A fascinating subject for me, an adequate book might have left me somewhat enthralled. What a treat to have something fantastic to read instead! ( )
  ednasilrak | Jun 17, 2021 |
Um wow this book has everything, detailed accounts of servants and those they served. Fascinating details on servants daily life, career track, as well as life both inside of service and outside of service. This equally covers the class system and distinctions both within society at large as well as society below stairs and behind green baize doors. Fascinating how the wars (WWI and WWII) change service. Service barely stabilizes, a very much smaller and less presumptuous affair than in Edwardian heyday. WW2 just kills whatever is left of that style of living, very much to the benefit of the rest of the country. The vast poverty that existed across the country, while the Aristocracy lived so unbelievably better was horrifying. To think poverty lived next door to extreme abundance like that. It's also fascinating how the war as well as fair taxation for the Aristocracy took the class down so quickly. The nostalgia for the wealthy of that time period puzzles me. I love Downton Abbey but the treatment of those below stairs is vastly and unrealistically idealized. The Aristocracy controlled massive amounts of wealth and largely ignored the suffering of the poor. Only taking advantage of them in service. Harrowing system. ( )

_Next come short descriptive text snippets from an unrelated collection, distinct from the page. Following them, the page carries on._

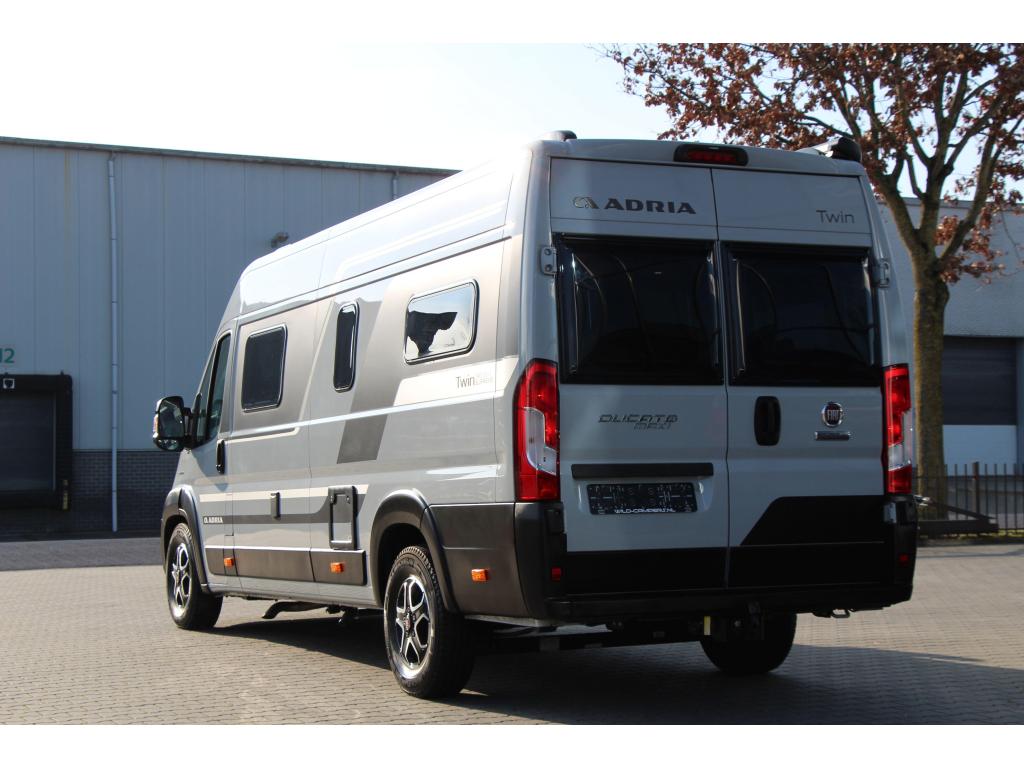 Adria Twin Supreme 640 SGX - 180PK AUT - HEFBED - XXL GARAGE, Caravans en Kamperen, Automaat, Buscamper of Camperbus, Ringverwarming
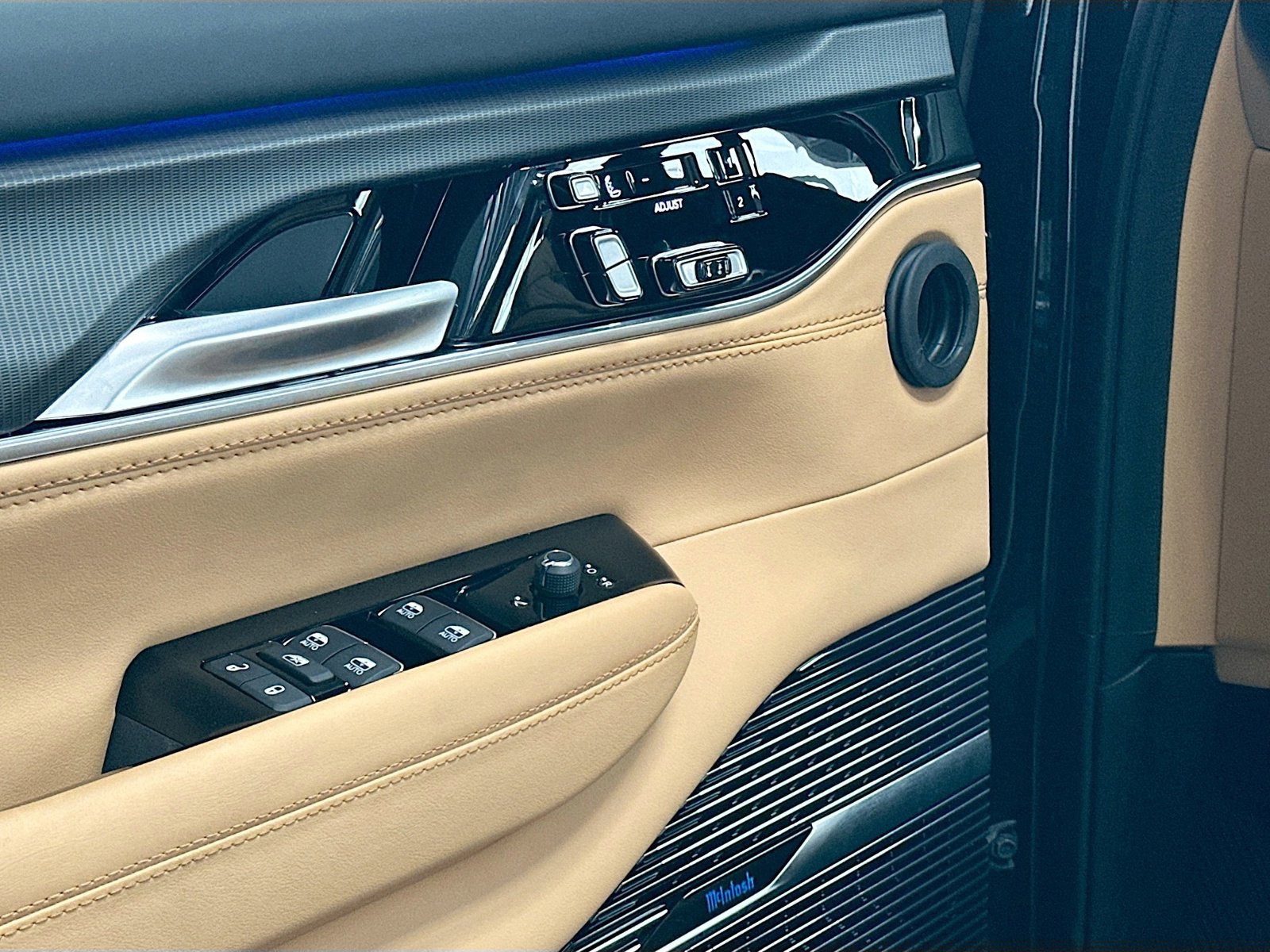 New 2025 Jeep Grand Wagoneer L Series III w/ Quick Order Packagew 28T image 7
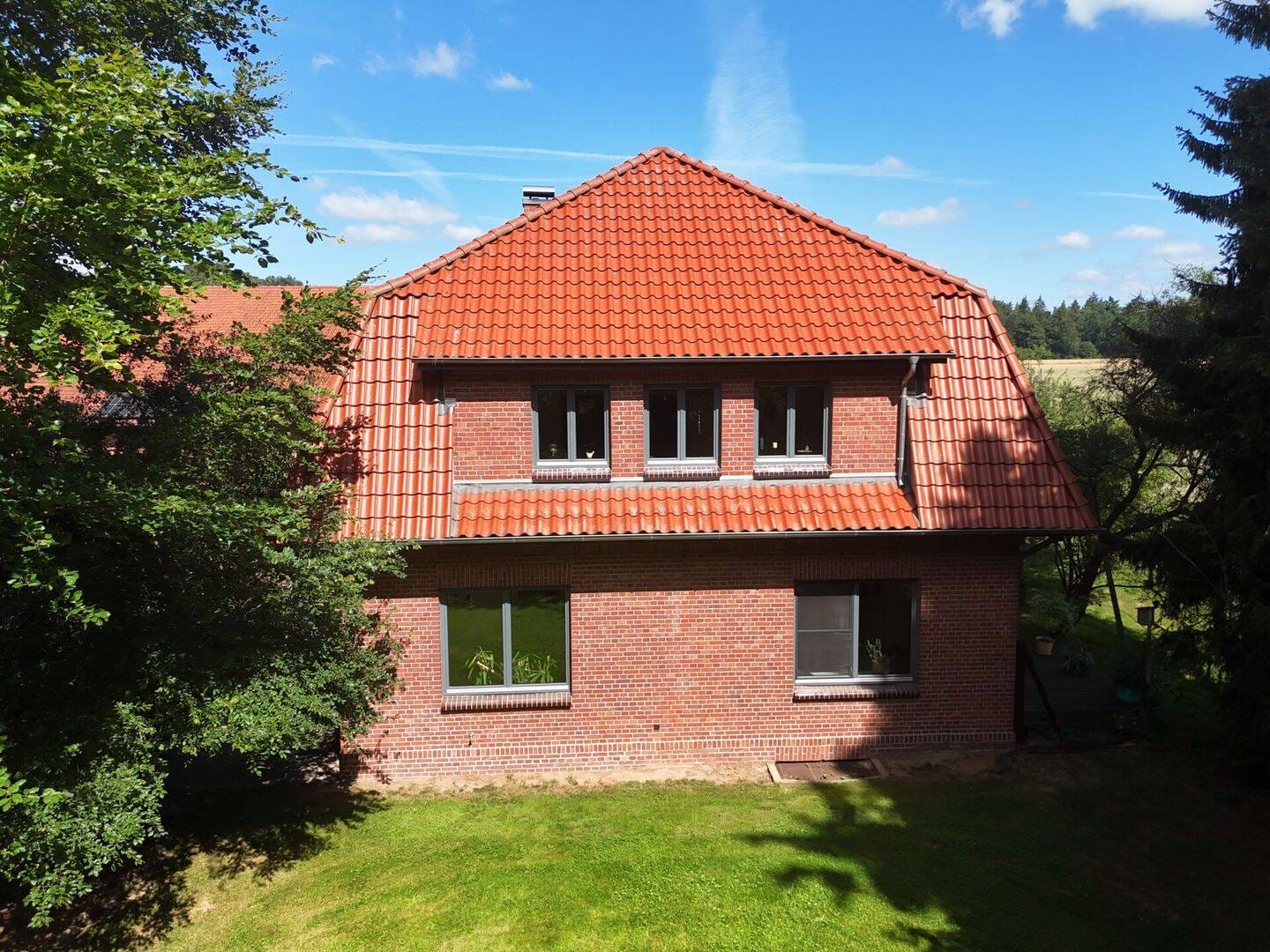 Immobilie in Sudwalde - Zur Ruhe kommen auf Ihrer "Insel im Grünen": Top saniertes Landhaus mit großen Scheunen - Bild 2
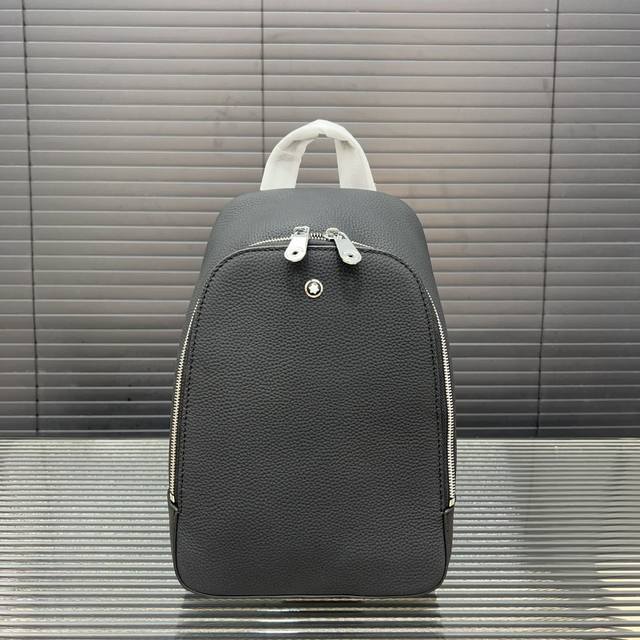 Montblanc 万宝龙 牛皮胸包 斜挎单肩包 采用精湛镶嵌细工，实物拍摄 原厂原版面料 配送防尘袋 30 X 17Cm。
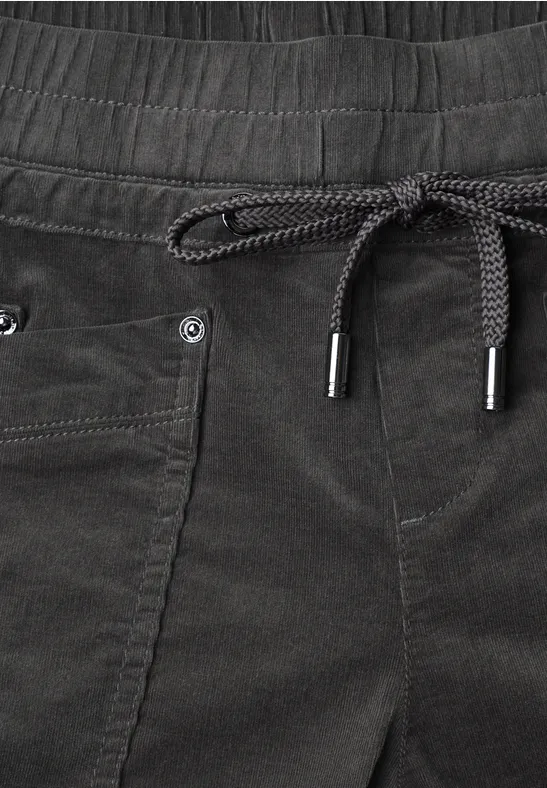 Donkergrijze broek met trekkoord, zachte stof en opgestikte zak.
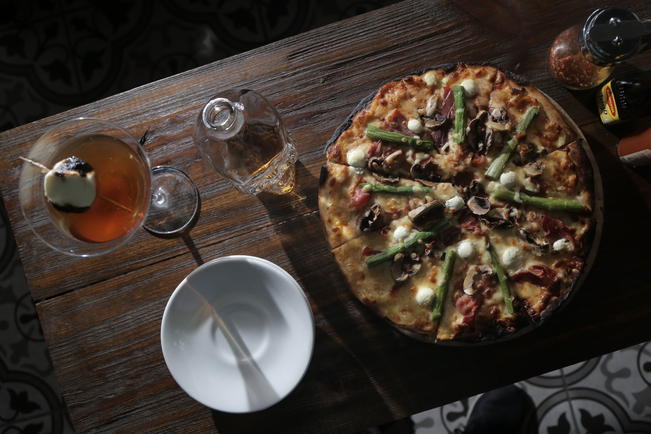 Los “Speakeasy ” surgieron tras la “Ley Seca” impuesta en EU en 1920. Podrás ser parte de este concepto en “S i n at ra”, sólo basta con decir la contraseña para disfrutar una pizza acompañada de un buen trago. (FOTOS: GONZALO IBAÑEZ. EL UNIVERSAL)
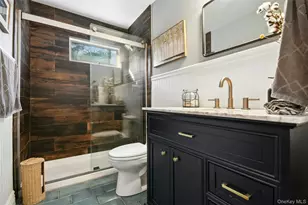 7 Waterview Dr, Port Jefferson, NY 11777 - Photo 16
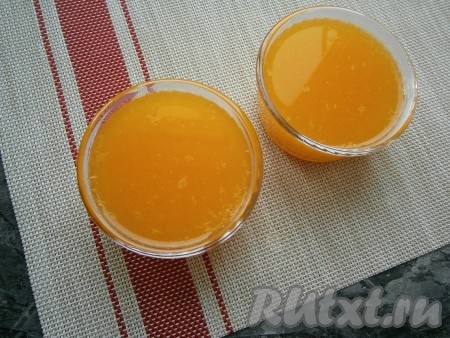 Дать мандариновой смеси остыть до комнатной температуры и разлить её по формочкам.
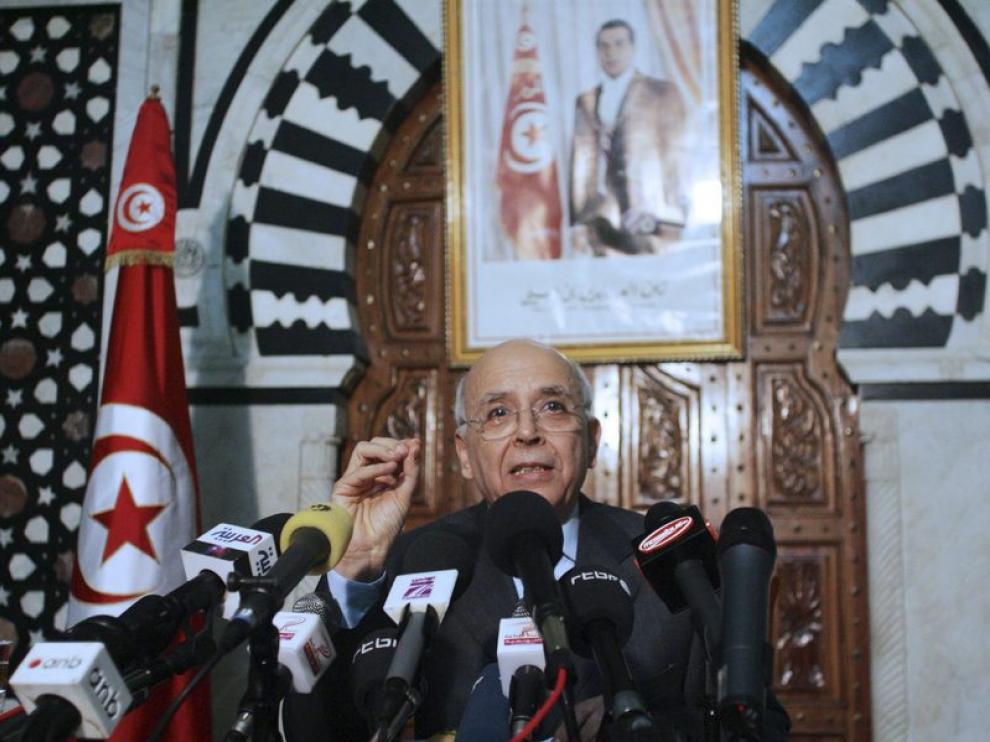 El primer ministro tunecino, Mohamed Ghanuchi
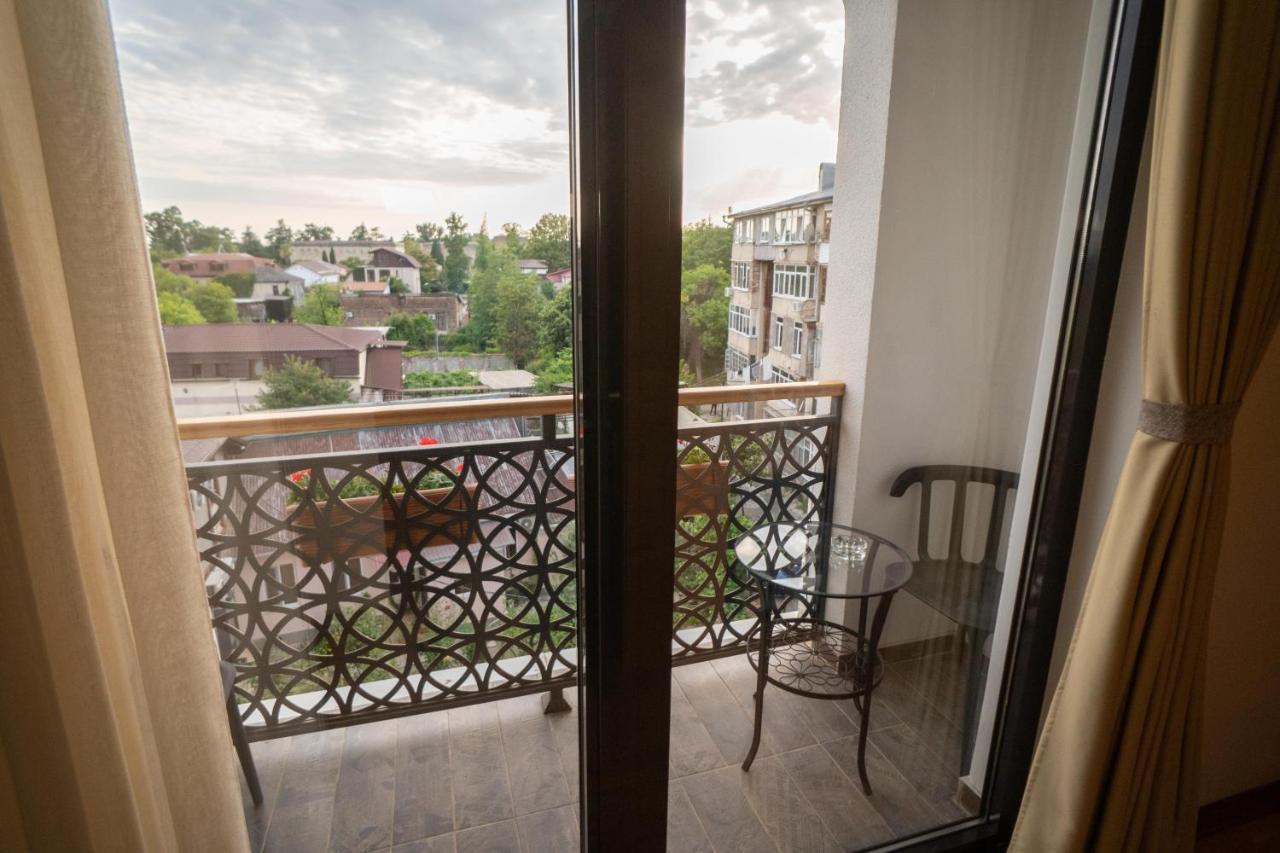 Leon Boutique Hotel Сухумі Екстер'єр фото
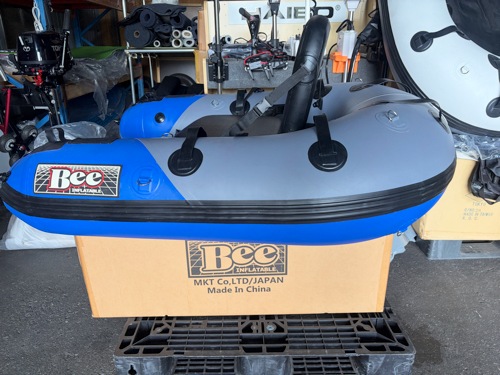 ���庸��ȴ���ΰ�������100kg���б�����ä���;͵�Ǥ���̾��ե���������BEE146�ץ饹�������顼/���եܥǥ���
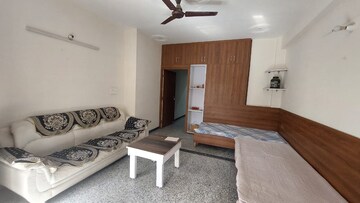 Living Room in 3 BHK Builder Floor at Ardee City, Sector 52 – for Rent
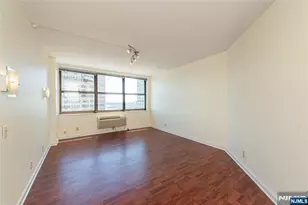 7004 Blvd East 39F, Guttenberg, NJ 07093 - Photo 31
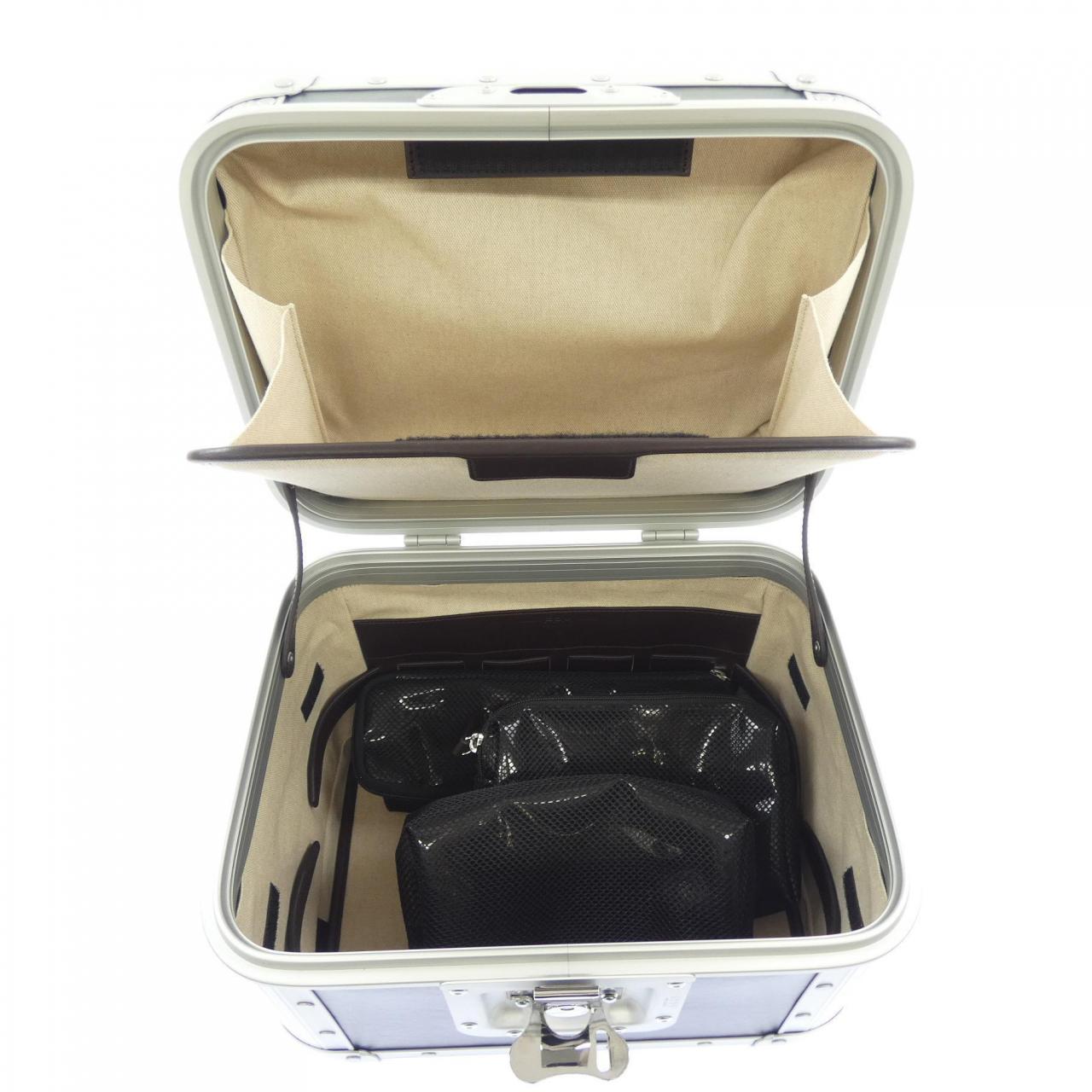 グローブトロッター GLOBE TROTTER BANK VANITY CASE BAG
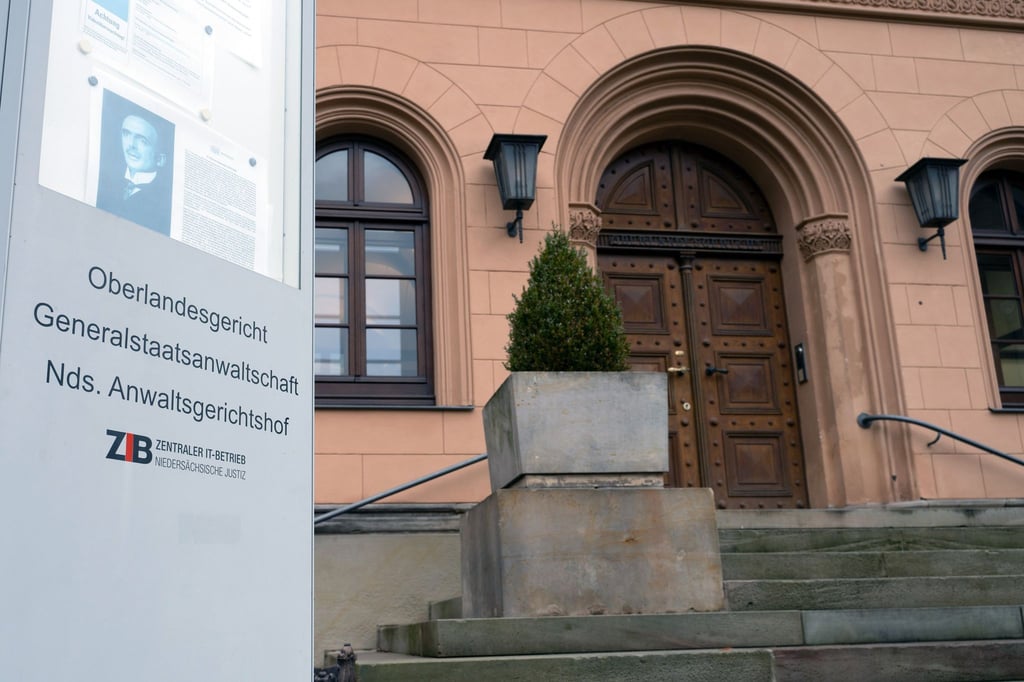 Im Oberlandesgericht Celle startet der Prozess gegen eine mutmaßliche Unterstützerin der Terrormiliz „Islamischer Staat“. (Archivbild)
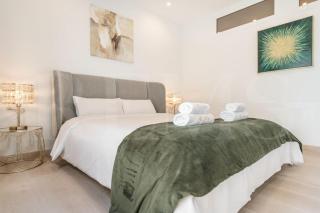 Seaside apartment steps from Marina Port by REMS - Benalmádena - 6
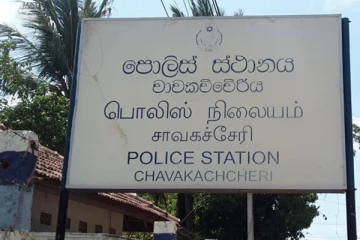 கொலை மிரட்டல் விடுத்து ஊடகவியலாளர் மீது வானில் வந்தோர் தாக்குதல்(Photos)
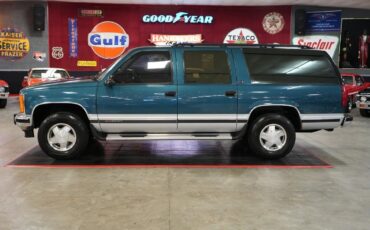 GMC-Suburban-1500-4x4-1993-SUV-2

  LoisSusan | Dec 10, 2020 |
A fascinating account of the apotheosis and decline of household servants in Britain, 'Servants' takes the reader from the great houses of the Edwardian era, where excess was the norm, to the 21st century where the newly 'super rich' seek staff who can guide them through upper class manners even as they serve.
Lucy Lethbridge draws on a very wide range of sources, including contemporary fiction as well as first hand accounts from servants and employers. Perhaps the most interesting observation is the change in the relationship between the server and the served that occurred somewhere between the 17th century - when Pepys assumed that his servants would join in with family games - and the turn of the 20th when the grandest Edwardian families would expect their staff to turn to face the wall as they passed.
Extremely well researched, and arranged according to themes rather than strict chronology, this is social history delivered in an engaging and thoughtful manner. I enjoyed it enormously, and came away with a book list of source material for further reading. ( )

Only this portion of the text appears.